# INFORMATION SHOWN
◆ ◆ ◆ ◆
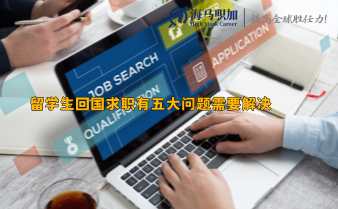 留學(xué)生回國求職有五大問題需要解決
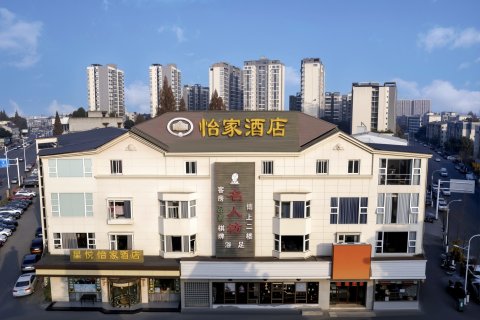 星悦·怡家影院假日酒店(崇州市罨画池店)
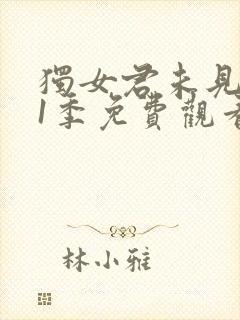 独女君未见 第1季免费观看全集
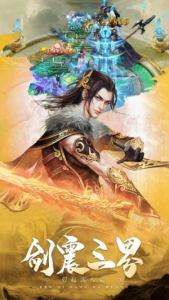 《剑镇三界》游戏攻略：核心玩法解析与快速提升战力指南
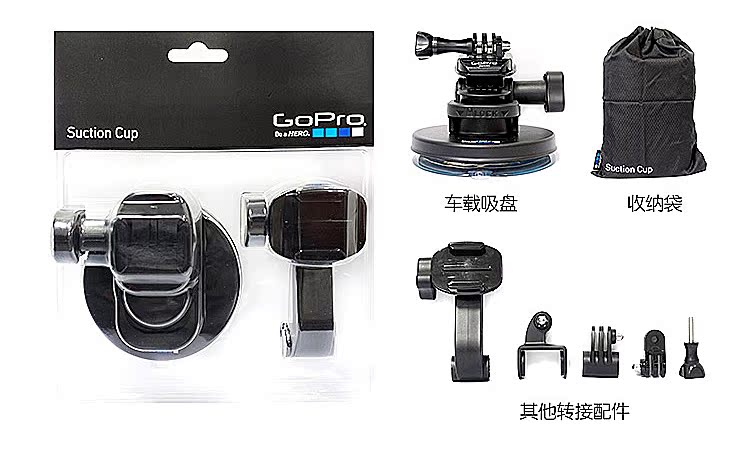 GoPro mạnh mẽ xe ​​hút cốc khung HERO7 HERO6 máy ảnh thể thao ngoài trời phụ kiện cửa hàng vật lý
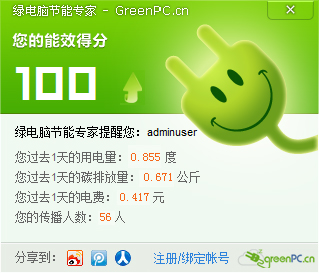 綠電腦節(jié)能專家 1.0.2 簡(jiǎn)體中文官方安裝版圖1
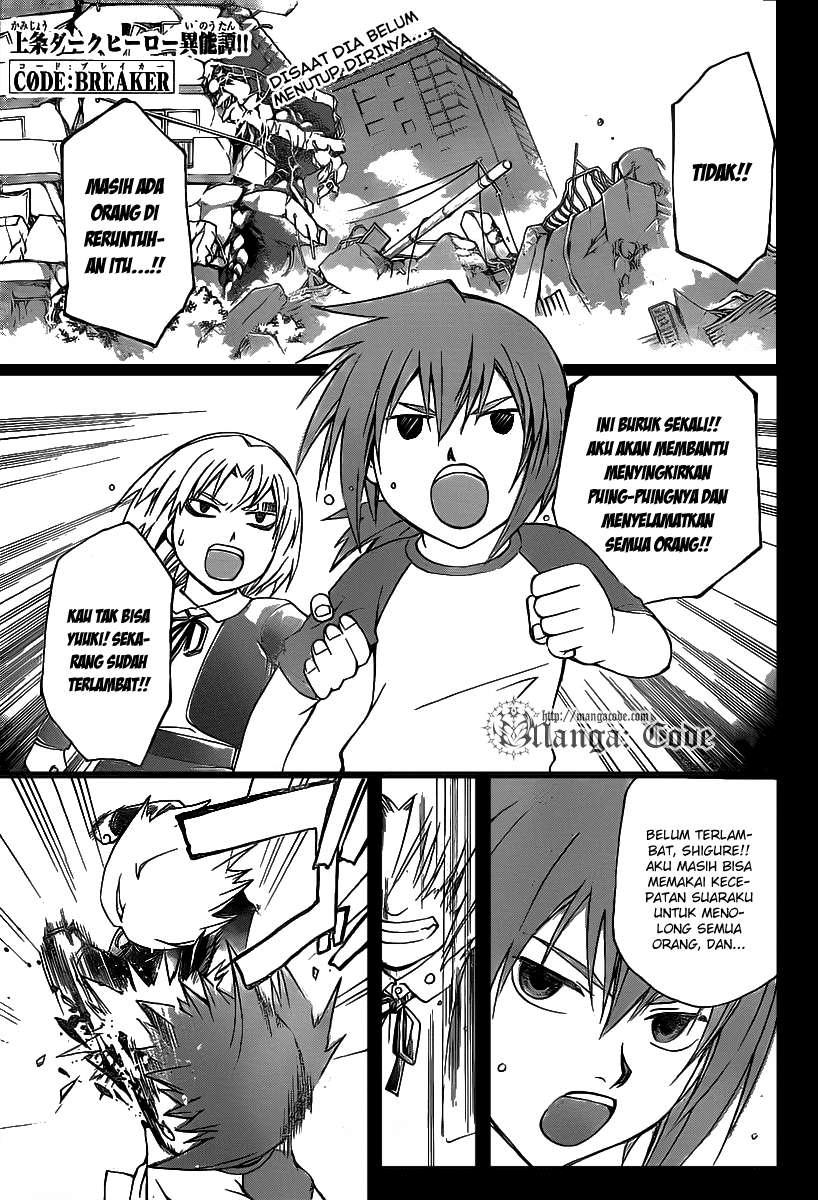Baca Komik Code: Breaker Chapter 105 Gambar 1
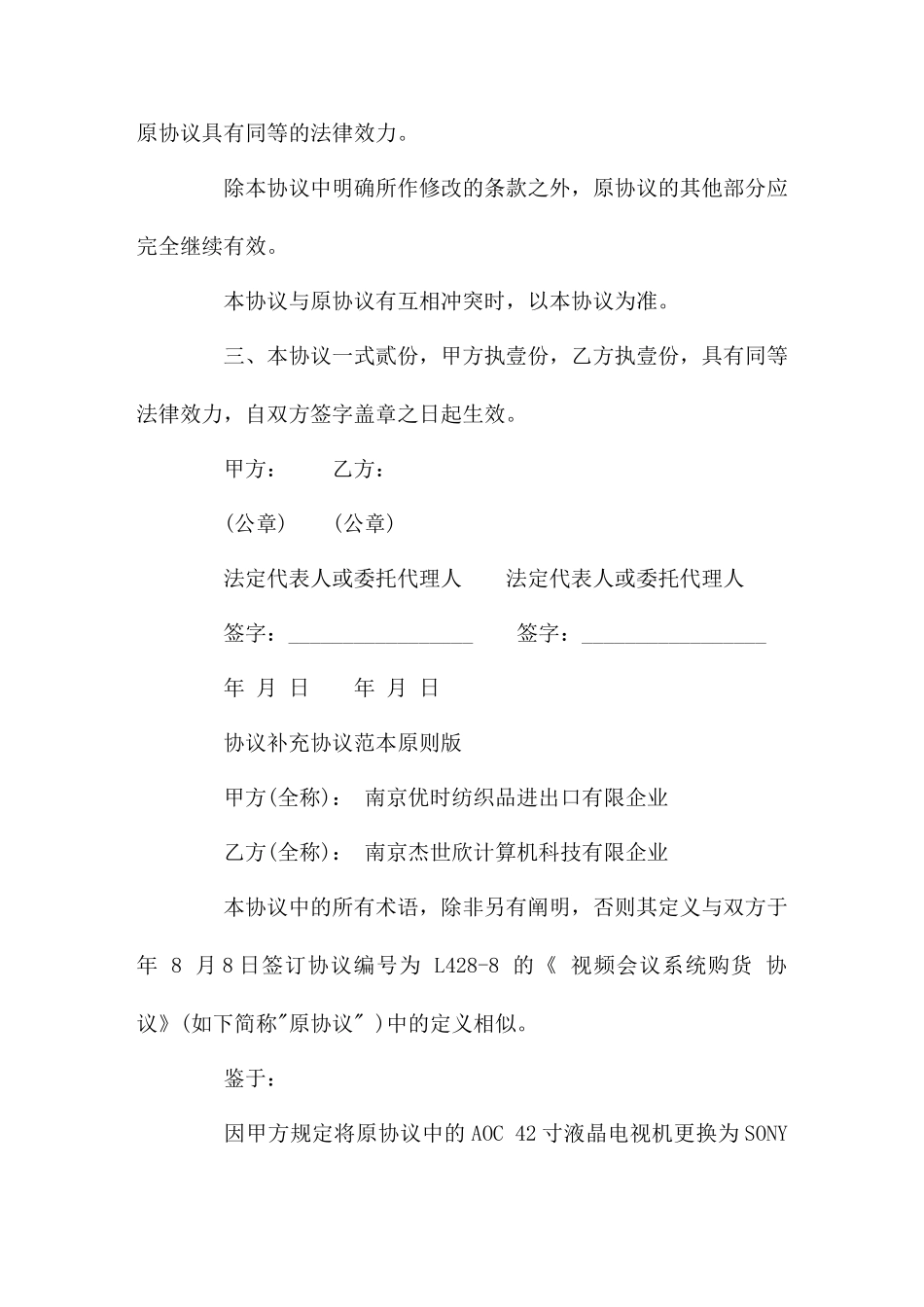 合同补充协议 (3)_第2页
◆ ◆ ◆ ◆
# TASK DETAILS
If pictures appear in the data, omit them and copy all other parts exactly.

# ANSWER
 留學(xué)生回國求職有五大問題需要解決
 星悦·怡家影院假日酒店(崇州市罨画池店)
 独女君未见 第1季免费观看全集
 《剑镇三界》游戏攻略：核心玩法解析与快速提升战力指南
 GoPro mạnh mẽ xe ​​hút cốc khung HERO7 HERO6 máy ảnh thể thao ngoài trời phụ kiện cửa hàng vật lý
 綠電腦節(jié)能專家 1.0.2 簡(jiǎn)體中文官方安裝版圖1
Baca Komik Code: Breaker Chapter 105 Gambar 1
 合同补充协议 (3)_第2页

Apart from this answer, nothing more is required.